Amigos aficionados…
La narración de Luis Procuna en la película “Torero”, que él mismo protagoniza, tiene mucho sentido para quienes decidieron, a lo largo de la historia, ser parte de la tauromaquia como elemento central. Es decir, toreros.
Siempre, de generación en generación, se tiene a figuras del toreo que, al retirarse, fomentan la eterna pregunta: ¿y ahora quién viene?
Y claro está, también siempre ha habido figuras que toman la estafeta de quienes se marchan. El relevo generacional está listo.
Lo que Procuna, el “Berrendito de San Juan”, narra en su famosa película (producción de un yucateco, Manuel Barbachano Ponce) es la verdad que el toreo de hoy en día se niega a ver, y que, por tanto, los aficionados a la más bella de todas las fiestas, no logran conocer siquiera.
El torero, de preferencia, necesita tener hambre para poder trascender. Hambre de triunfo, cierto, pero también el hambre que todos padecemos, el de la necesidad de tener que comer para poder subsistir.
Y, quiérase o no, hoy en día no nos queda decir otra cosa de que, la mayoría de los casos, los que deciden ser toreros lo hacen porque papá o tío, o abuelo, fueron toreros. O porque tengo dinero y quiero serlo. Eso puede verse como vocación.
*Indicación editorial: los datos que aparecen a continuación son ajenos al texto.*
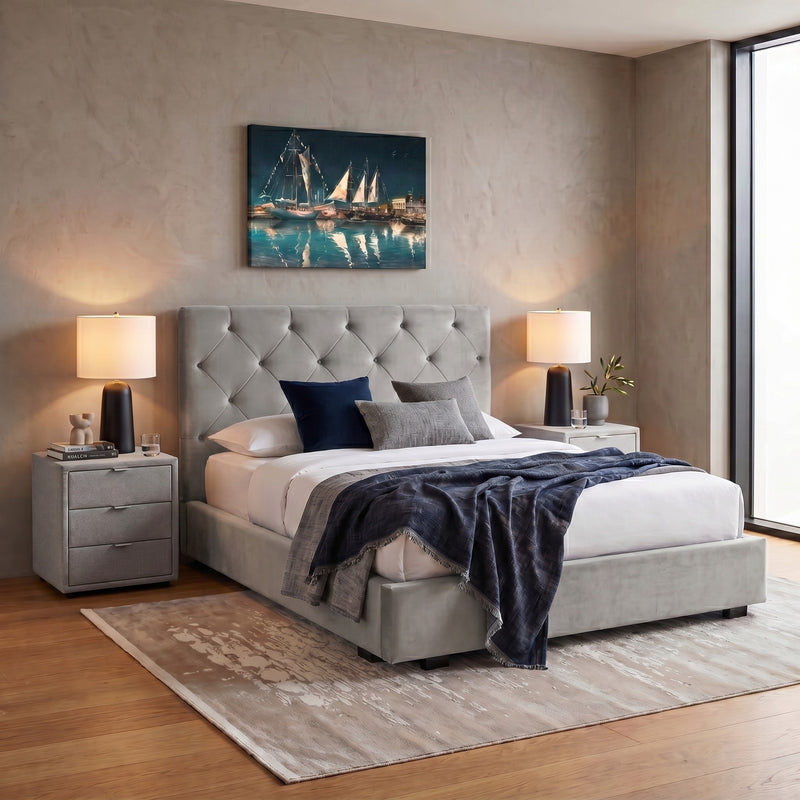 SOLENO Pat tapițat, 180x200cm, somieră rabatabilă și ladă depozitare incluse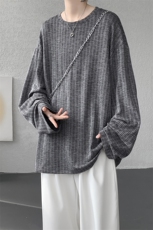 高克重330g提花纹理感复古长袖大码T恤上衣男T24503-特P40控78，男装T恤，电商A001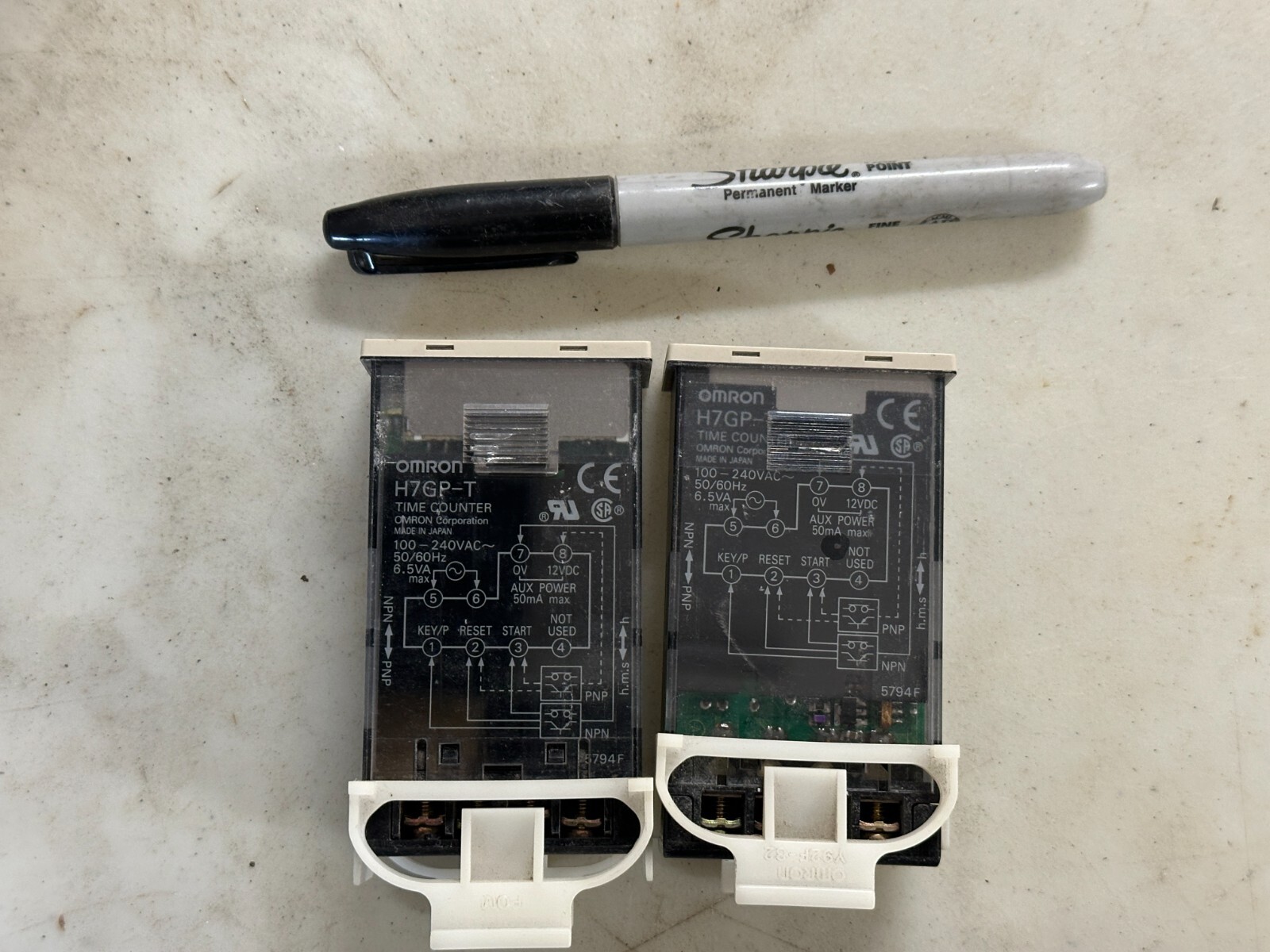 Omron Time Counter H7GP-T w/Mounting Clip, Lot of 2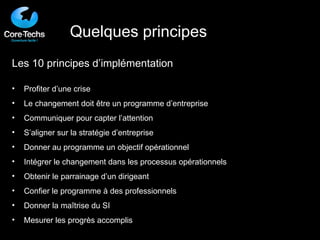 Les 10 principes d’implémentation Profiter d’une crise Le changement doit être un programme d’entreprise Communiquer pour capter l’attention S’aligner sur la stratégie d’entreprise Donner au programme un objectif opérationnel Intégrer le changement dans les processus opérationnels Obtenir le parrainage d’un dirigeant Confier le programme à des professionnels Donner la maîtrise du SI Mesurer les progrès accomplis Quelques principes 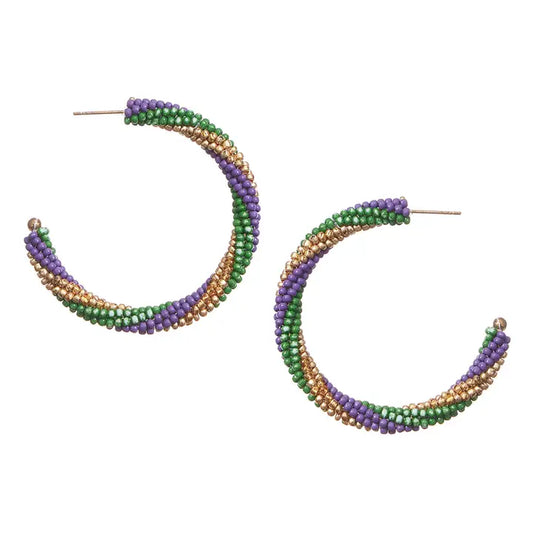 Mardi Gras Seed Beaded Hoop Earrings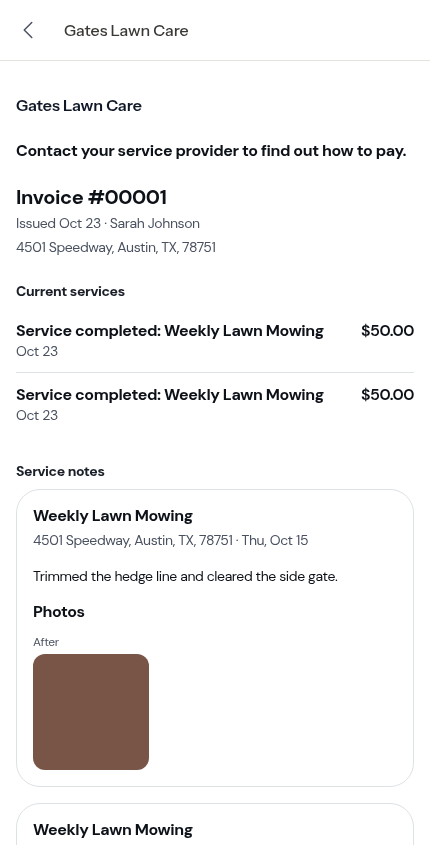 Each visit's summary on the invoice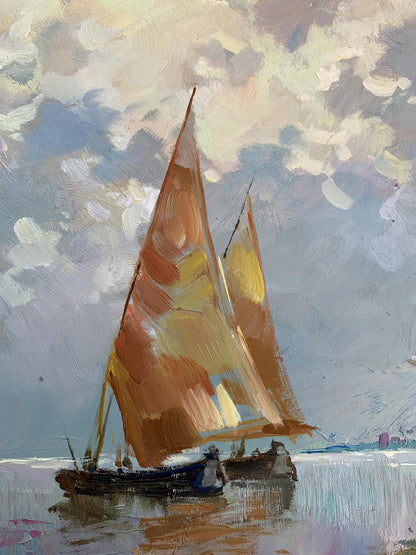 OIl painting Two sailboats at sea Yuriy Suprunchuk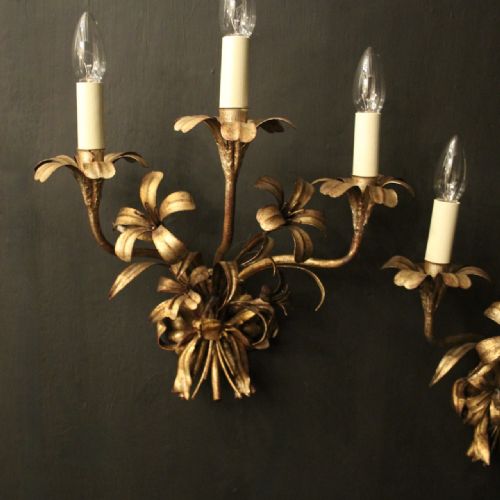 FRENCH PAIR OF SILVER TOLEWARE ANTIQUE WALL LIGHTS - ADDITIONAL PHOTO 3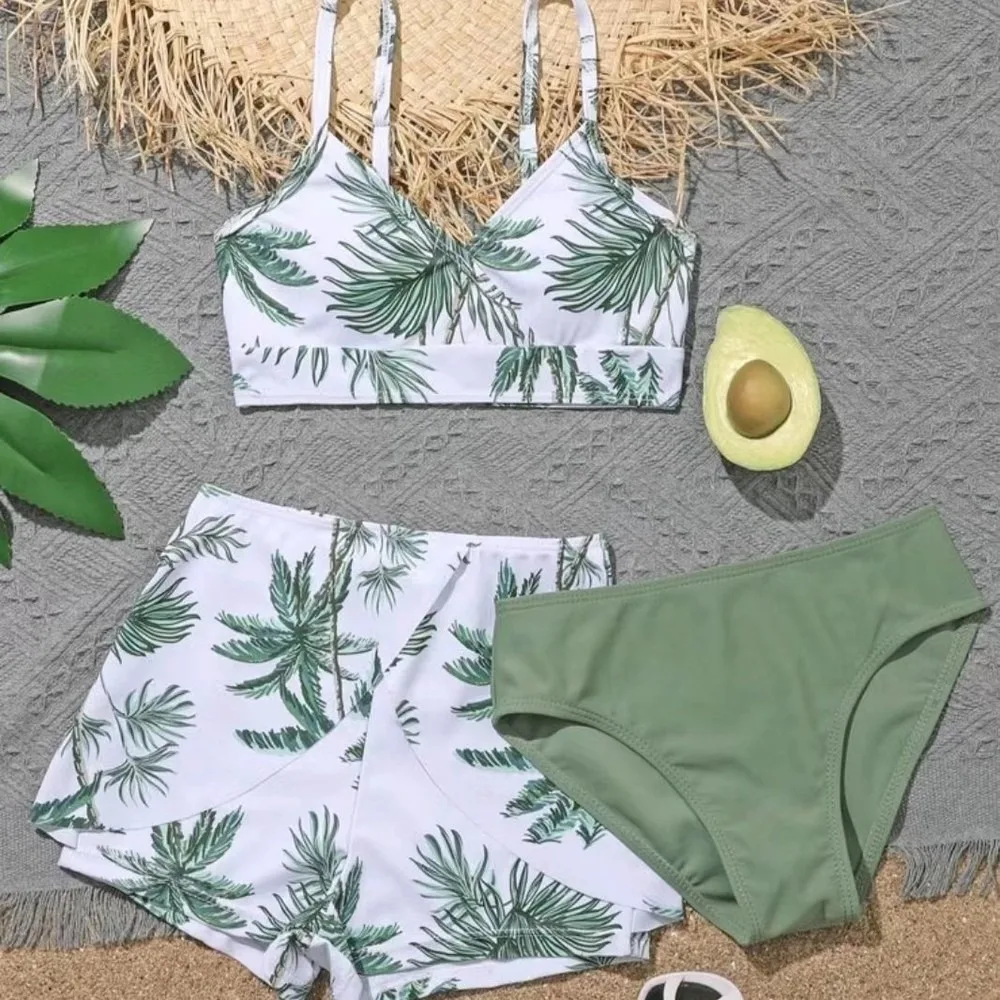 Printed 3-Piece Girls Swimsuit Set Big Kid Tankini Bikini Swimwear Beachwear Summer Holiday 2 Pieces Tankini Swimsuits Women Biq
Pero ser torero requiere de verdaderas necesidades. Requiere de sacrificios, de que pelees por tu vida, por comer, por tener una oportunidad de meterte a un cartel, no que te digan: “toreas mañana” y ya. Como antaño los boxeadores mexicanos, que eran los ídolos del pueblo, los que cautivaban por el sacrifico que hacían para poder estar allá, los que, sin nada en los bolsillos, ni en los de sus padres, intentaban ganarse una novillada, o una pelea, sin otras armas más que sus deseos grandes.
Y, claro, como apuntó Procuna narrando su vida camino a una tarde grande, “más cornadas da el hambre”, como escribió el genial Luis Spota. Porque vaya que se sufría para poder conseguir una oportunidad en ese entonces. Ahora se sufre igual, pero lo que menos tienen los toreros es hambre.
Procuna cargaba cajones, bultos pesados, antes de ser torero, en el mercado de San Juan de Letrán, donde vendía antojitos en las noches junto a su madre, en que decidió meterse de maletilla, luego novillero y posteriormente matador de toros, de los buenos, de los que peleaban con Carlos Arruza, con Manolete y Silverio Pérez. Dispuesto a morir en el ruedo, aunque él murió en un accidente de aviación cuando ya se había retirado de los ruedos. ¡Qué buena película! Y lo podemos retratar en todos los pasajes de la vida: el que no tenga aspiraciones, hambre, no va a pasar nunca de ser un calientabancas, un llenador de horarios.